Generally, we reside by months and years which are impossibly heavy and laborious to explain. Onerous to fathom. For my household, this 12 months has usually appeared so heavy, just like the parade of hits that retains on coming. And that’s solely once we look inside our house, with out daring to peek on the challenges and horrors of the skin world.
Generally, I look again over 2024 – although it nonetheless has a couple of extra months left on its seemingly endless clock – and discover myself laughing on the variety of insanely laborious and darkish and heavy issues we’ve skilled. As a result of if I don’t chuckle, the choice is to cry. Which I do, generally. Or I sit in shock, befuddled by the how and why of this unusual wrestle.
Plenty of weeks in the past, I found myself disproportionately reassured by a sure metaphor I considered whereas perplexed by this 12 months’s chaos. So I believed I’d share it with you right this moment, within the occasion it helps you when your life and the world appear too heavy. This metaphor entails a chunk of playground tools my children used to like: the seesaw.

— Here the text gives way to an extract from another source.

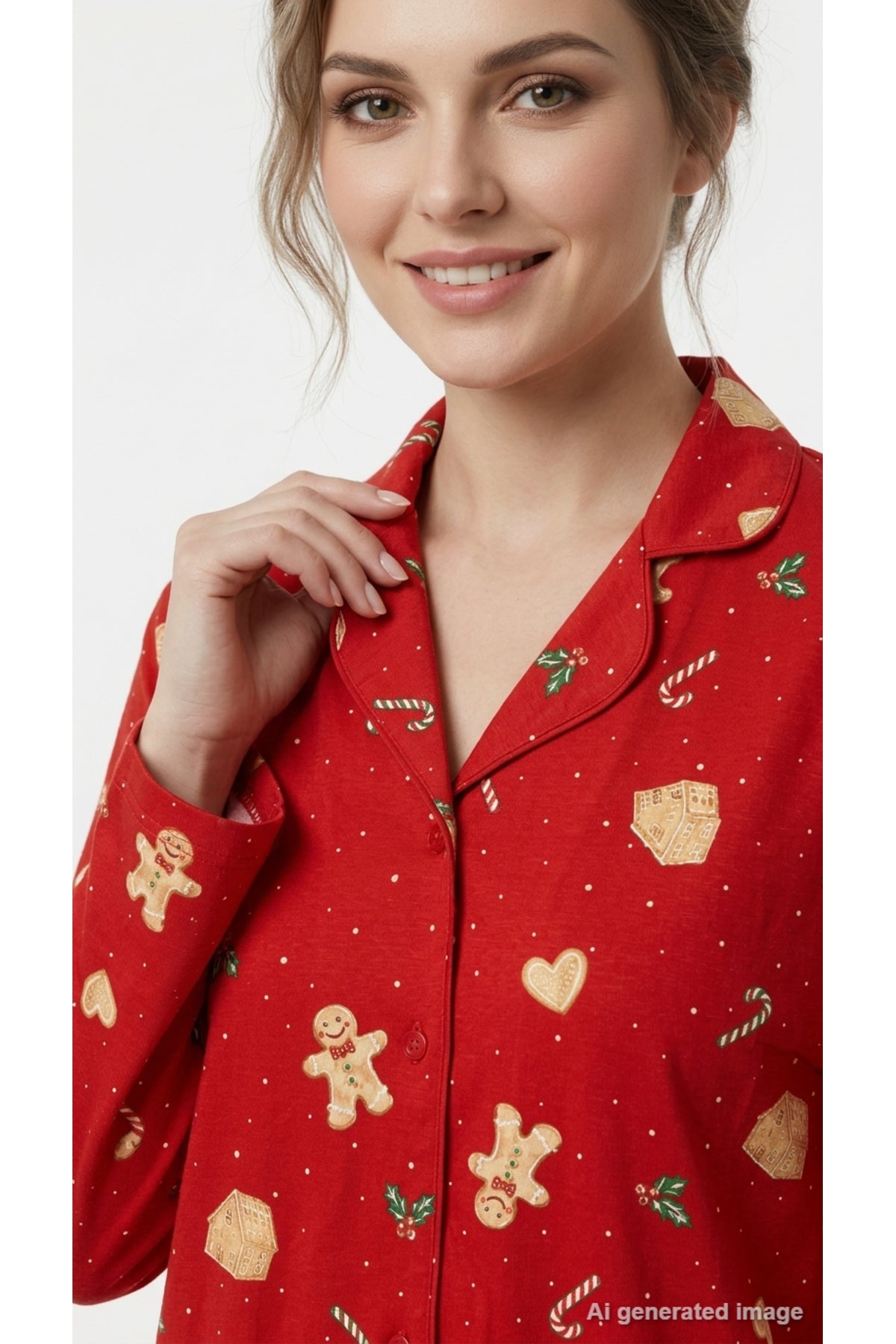 LC Waikiki Kadın Yılbaşı Desenli Pijama Takımı W6K038D8 - Kırmızı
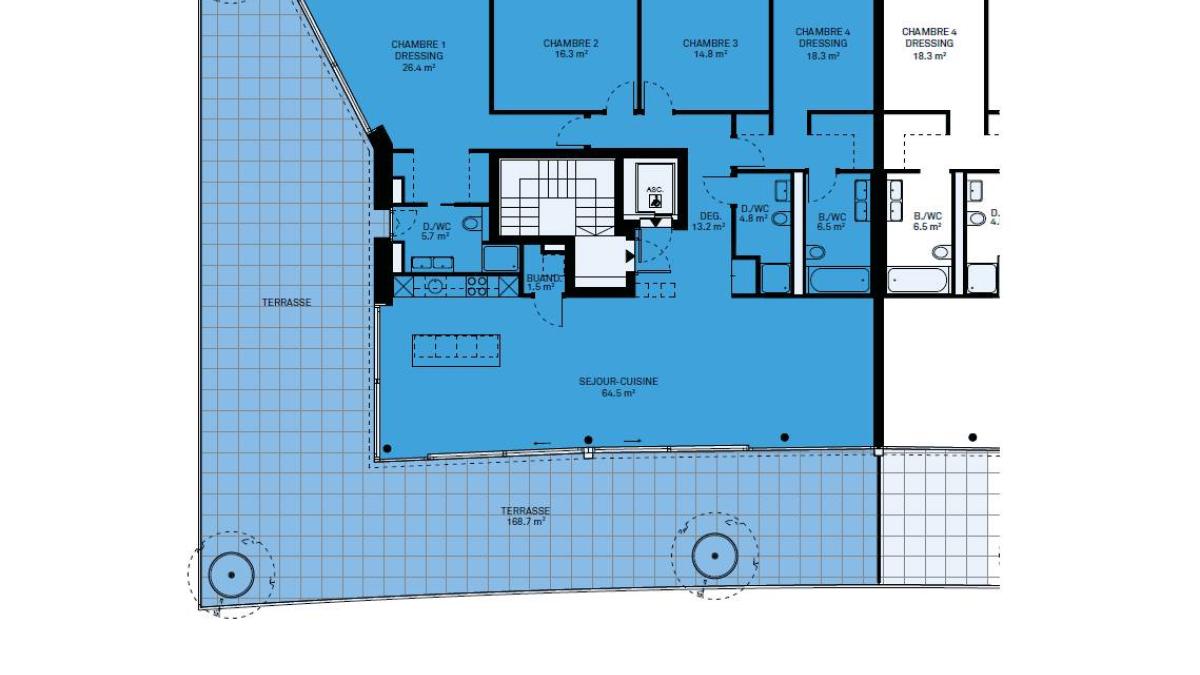 UNIQUE! Attique de 5.5 pièces de 180m2 bénéficiant d'un rooftop terrasse de 168m2 avec vue panoramique sur le lac et les Alpes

Think about your self sitting on one facet of a seesaw, together with your toes firmly planted on the bottom. On the opposite facet are some rocks and pebbles – the day by day challenges of life as a working guardian – that weigh roughly what you do. As extra pebbles arrive reverse you, you straighten your knees a bit, possibly being compelled to face up. However typically, you’re capable of bob up and down gently, soles of your footwear nonetheless touching that humorous rubbery playground substance that forestalls the variety of bone breaks we used to have as children on the blacktop.
Then someday, with a jolt, you hear a thud and fly skyward. Your butt actually leaves the seesaw for a second. And if you find yourself reacquainted with the board, you discover your toes dangling. Throughout from you, there’s an enormous boulder the place these pebbles used to take a seat. “The place did that even come from?” you surprise. “And the way do I get down?” As you bounce round a bit, making an attempt to find out if wild motion may shift the load in your favor, one other heavy rock crashes by the air. You see it coming this time, but it surely nonetheless lands on the opposite facet of the seesaw. And this time your toes and arms flail. Your reminiscence of the bottom’s security begins feeling foggy. As if you may reside unmoored endlessly.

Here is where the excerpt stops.